Zum Einsatz kamen außerdem:

  1. ein Holzdeck aus China, welches zwar überall hervorragend passte (immer wieder erstaunlich wie ich finde), das aber in der Länge 2 mm (!!) zu kurz war. Vielleicht habe ich irgendwo einen Fehler gemacht, vielleicht aber auch nicht. Jedenfalls musste ich das Deck kurz hinterm Kommandoturm quer durchschneiden. Die zwei Millimeter fehlenden Decks (ein Streifen von back- nach Steuerbord) sieht mal allerdings zum Glück nicht, weil dort die hohen Aufbauten bzw. die über dem Oberdeck dicht an dicht aufgebauten Rettungsboote eine Sicht unmöglich machen.
  2. Riemen für die russische Marine 1/350 aus Kasachstan (Sendung nach 10 Tagen!)
  3. Gedrehte Geschützrohre aus Polen für die Zessarewitsch für sehr kleines Geld. Nicht zwingend notwendig, aber so brauchte ich wenigstens die 20,3-cm-Geschützrohre der schweren Artillerie nicht mit Chromspray behandeln. Bei der Mittelartillerie gibt es Qualitätsunterschiede. Der eine Anbieter hält sich an die russische Form der überlangen 15,2-cm-Rohre, der andere nicht.
  4. Eduard-Türen und Beiboot-Ruder für den Bausatz der Schleswig Holstein. Der Zessarewitsch-Bausatz hat keine separaten fotogeätzten Türen, die Beiboote keine Ruder. Was durchaus schade ist
  5. fotogeätzte Bullaugen 1/350 aus Singapur.
  6. Eine Holzplatte und zwei Modellschiffsockel von der Modellbauausstellung in Lingen

Eine Schwäche des Bausatzes dann doch noch  zum Abschluss: die Bug-bzw. Heckornamente der Zessarewitsch müssten unbedingt durch Ätzteile dargestellt werden. Ich habe ein bisschen den Eindruck, dass sich chinesische Bausätze mit der Darstellung von Wappen und Flaggen schwer tun. Jedenfalls sind die beiden russischen Doppeladler an der Bugspitze bzw. am Heck des Schiffes dargestellt durch lächerliche Abziehbilder, die die Anmutung von Farbklecksen haben. Also weglassen oder selber machen.


Das Ornament am Heck habe ich selber aus ameisenfühlerspitzengroßen Ätzteilen aus der Wühlkiste nachgebaut (NIEMALS NICHTS WEGWERFEN!!) für das noch kleinere Bugwappen ist mir noch nichts rechtes eingefallen.

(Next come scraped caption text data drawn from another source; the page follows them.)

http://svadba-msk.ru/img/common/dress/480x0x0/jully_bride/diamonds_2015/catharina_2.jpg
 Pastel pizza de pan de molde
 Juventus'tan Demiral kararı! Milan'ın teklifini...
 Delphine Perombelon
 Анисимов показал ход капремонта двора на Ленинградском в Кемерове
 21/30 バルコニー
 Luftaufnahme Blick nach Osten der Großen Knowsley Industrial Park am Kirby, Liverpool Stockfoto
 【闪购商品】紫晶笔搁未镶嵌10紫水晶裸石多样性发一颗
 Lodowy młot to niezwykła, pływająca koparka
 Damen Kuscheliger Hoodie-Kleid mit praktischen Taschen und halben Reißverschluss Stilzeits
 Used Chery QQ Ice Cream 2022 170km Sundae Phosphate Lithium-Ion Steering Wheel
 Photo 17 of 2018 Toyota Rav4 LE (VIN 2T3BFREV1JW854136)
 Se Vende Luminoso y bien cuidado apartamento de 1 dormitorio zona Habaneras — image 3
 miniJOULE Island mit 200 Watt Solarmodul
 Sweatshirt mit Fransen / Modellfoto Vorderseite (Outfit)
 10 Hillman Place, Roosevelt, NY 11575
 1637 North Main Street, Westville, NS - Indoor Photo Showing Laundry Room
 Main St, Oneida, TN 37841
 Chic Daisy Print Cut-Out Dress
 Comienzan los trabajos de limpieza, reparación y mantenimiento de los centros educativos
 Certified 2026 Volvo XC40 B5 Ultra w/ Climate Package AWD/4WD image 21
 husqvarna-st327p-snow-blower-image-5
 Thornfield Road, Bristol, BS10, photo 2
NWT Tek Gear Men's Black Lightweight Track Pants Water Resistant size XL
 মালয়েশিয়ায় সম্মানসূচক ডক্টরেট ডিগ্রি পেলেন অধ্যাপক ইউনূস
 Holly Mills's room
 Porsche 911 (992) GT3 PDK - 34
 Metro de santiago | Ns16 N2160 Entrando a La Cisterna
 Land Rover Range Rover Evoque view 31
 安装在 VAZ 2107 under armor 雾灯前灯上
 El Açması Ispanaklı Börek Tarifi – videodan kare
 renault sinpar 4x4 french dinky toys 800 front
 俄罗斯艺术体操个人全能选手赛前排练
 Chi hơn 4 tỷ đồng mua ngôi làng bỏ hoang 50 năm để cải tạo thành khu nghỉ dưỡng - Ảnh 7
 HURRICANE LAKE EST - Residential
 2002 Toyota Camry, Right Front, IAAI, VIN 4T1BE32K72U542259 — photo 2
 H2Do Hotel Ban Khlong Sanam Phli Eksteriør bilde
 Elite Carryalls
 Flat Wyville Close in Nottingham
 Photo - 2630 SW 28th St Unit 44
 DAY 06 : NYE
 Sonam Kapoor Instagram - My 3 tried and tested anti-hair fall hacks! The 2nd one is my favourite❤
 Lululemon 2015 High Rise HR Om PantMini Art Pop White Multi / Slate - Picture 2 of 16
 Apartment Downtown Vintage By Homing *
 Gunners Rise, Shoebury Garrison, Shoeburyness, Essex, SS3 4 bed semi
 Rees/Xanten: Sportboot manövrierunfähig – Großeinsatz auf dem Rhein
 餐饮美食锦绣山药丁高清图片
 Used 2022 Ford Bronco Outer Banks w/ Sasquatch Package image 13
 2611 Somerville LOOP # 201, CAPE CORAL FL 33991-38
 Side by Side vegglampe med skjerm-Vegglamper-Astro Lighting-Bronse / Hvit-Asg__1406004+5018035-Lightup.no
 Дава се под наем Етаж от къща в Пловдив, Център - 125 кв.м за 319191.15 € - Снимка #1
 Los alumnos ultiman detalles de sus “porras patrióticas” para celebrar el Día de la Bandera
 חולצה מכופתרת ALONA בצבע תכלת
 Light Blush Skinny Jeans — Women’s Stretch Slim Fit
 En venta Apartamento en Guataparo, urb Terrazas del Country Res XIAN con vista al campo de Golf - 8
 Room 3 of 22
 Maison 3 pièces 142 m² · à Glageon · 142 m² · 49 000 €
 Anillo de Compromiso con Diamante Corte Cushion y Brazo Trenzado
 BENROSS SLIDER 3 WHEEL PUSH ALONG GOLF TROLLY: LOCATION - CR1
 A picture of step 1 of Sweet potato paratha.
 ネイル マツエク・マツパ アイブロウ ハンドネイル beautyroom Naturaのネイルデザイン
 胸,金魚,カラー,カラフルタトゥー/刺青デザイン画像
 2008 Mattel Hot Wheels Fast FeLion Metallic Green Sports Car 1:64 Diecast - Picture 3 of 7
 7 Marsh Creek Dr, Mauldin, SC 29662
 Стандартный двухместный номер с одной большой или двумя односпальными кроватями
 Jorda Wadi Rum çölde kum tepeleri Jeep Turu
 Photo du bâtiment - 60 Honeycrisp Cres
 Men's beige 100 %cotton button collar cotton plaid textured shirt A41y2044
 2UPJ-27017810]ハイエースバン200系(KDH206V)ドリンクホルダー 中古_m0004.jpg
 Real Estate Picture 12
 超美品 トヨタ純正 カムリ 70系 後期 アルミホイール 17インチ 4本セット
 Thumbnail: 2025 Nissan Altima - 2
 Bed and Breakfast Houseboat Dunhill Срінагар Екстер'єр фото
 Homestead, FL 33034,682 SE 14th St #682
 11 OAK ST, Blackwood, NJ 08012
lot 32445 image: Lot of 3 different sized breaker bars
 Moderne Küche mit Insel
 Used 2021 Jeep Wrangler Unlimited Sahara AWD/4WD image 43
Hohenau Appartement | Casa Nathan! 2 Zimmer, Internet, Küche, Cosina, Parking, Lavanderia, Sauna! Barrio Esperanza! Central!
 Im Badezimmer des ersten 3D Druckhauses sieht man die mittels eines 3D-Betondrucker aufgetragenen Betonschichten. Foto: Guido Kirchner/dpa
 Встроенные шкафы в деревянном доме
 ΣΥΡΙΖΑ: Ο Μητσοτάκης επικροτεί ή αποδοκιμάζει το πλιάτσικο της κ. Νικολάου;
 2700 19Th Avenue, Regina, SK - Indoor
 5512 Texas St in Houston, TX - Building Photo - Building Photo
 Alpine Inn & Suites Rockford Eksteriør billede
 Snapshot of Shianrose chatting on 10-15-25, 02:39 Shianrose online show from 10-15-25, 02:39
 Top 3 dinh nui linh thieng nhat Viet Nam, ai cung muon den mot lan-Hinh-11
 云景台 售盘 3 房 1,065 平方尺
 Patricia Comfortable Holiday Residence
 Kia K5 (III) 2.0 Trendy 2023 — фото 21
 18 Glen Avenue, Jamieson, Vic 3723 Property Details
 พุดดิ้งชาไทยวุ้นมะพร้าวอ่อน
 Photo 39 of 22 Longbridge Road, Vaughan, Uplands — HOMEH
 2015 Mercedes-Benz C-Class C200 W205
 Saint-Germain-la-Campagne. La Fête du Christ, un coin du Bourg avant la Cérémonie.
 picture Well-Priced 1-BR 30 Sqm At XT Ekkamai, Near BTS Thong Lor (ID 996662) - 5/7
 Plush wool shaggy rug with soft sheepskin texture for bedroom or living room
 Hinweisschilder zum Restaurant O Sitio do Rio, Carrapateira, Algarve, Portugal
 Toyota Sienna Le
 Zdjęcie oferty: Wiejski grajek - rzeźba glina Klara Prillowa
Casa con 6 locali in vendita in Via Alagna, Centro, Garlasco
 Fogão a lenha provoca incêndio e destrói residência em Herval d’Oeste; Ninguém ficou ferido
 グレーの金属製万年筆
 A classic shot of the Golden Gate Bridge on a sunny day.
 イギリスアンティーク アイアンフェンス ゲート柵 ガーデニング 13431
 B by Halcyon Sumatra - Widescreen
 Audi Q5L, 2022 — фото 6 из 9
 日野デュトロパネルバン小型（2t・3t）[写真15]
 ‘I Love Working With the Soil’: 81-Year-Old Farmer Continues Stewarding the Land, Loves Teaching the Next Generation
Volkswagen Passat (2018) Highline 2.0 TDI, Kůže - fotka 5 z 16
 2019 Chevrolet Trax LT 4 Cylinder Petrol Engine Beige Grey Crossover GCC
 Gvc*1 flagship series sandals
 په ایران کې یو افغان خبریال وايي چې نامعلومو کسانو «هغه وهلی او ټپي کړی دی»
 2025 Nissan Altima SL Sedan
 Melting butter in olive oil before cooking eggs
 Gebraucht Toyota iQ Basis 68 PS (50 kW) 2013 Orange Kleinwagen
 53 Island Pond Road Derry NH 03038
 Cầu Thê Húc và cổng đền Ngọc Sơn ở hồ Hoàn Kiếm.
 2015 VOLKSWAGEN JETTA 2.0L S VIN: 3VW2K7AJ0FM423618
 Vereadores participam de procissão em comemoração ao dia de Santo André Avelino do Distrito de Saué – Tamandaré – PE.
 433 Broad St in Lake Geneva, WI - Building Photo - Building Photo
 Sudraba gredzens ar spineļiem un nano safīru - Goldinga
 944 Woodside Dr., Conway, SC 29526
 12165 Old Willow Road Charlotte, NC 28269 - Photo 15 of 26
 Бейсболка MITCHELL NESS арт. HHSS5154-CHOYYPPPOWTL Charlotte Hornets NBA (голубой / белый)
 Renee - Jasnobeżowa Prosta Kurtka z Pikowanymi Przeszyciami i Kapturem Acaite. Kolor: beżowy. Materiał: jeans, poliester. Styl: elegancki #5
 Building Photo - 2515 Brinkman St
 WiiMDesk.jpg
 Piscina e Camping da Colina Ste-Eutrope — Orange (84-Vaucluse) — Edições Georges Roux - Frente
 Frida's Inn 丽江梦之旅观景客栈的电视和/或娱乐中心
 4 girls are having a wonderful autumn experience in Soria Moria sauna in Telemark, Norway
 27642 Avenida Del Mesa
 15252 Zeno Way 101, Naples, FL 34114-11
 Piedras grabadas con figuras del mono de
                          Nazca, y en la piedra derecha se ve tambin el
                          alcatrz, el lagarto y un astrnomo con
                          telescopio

Das ist schade, weil doch Bug-und Heckzier absolute Hingucker sind bei Schiffen um die Jahrhundertwende.

Die Geschützpfortendeckel der 75-mm-Breitseitgeschütze im unteren Batteriedeck hat Trumpeter merkwürdigerweise komplett weggelassen. Hier lässt sich aber schnell Ersatz herstellen indem man die Deckel aus fotogeätzten Platinenstegen passend zurechtschneidet. Auch im Original handelt es sich um rechteckige Metallplatten ohne Details von aussen. Wie auch bei dem Petersburger Modell habe ich diese Geschütze in geschlossenem Zustand gezeigt (also Deckel hoch, Geschütz fällt weg). Will man die Geschütze zeigen, muss der Deckel unten liegen, mit der Klappvorrichtung an der Innenseite.

Und noch ein Tipp: Wenn man die Schornsteine um 90 Grad gedreht einbaut, dann lassen sich die Nähte zwischen den beiden Hälften sehr gut durch die geätzten Leitern links und rechts, die über die gesamte Länge des Schornsteins gehen, verdecken.

Fazit

Das Modell hat mir sehr viel Spaß gemacht, es lohnt sich in jeder Hinsicht. Noch einmal würde ich es aber nicht im Stil der St.Petersburg-Sammlung bauen: vieles was im Maßstab 1/42 großartig aussieht wirkt nicht in 1/350. Jedenfalls freue ich mich schon auf die zweite Zessarewitsch (in grau mit viel Rost) von 1917.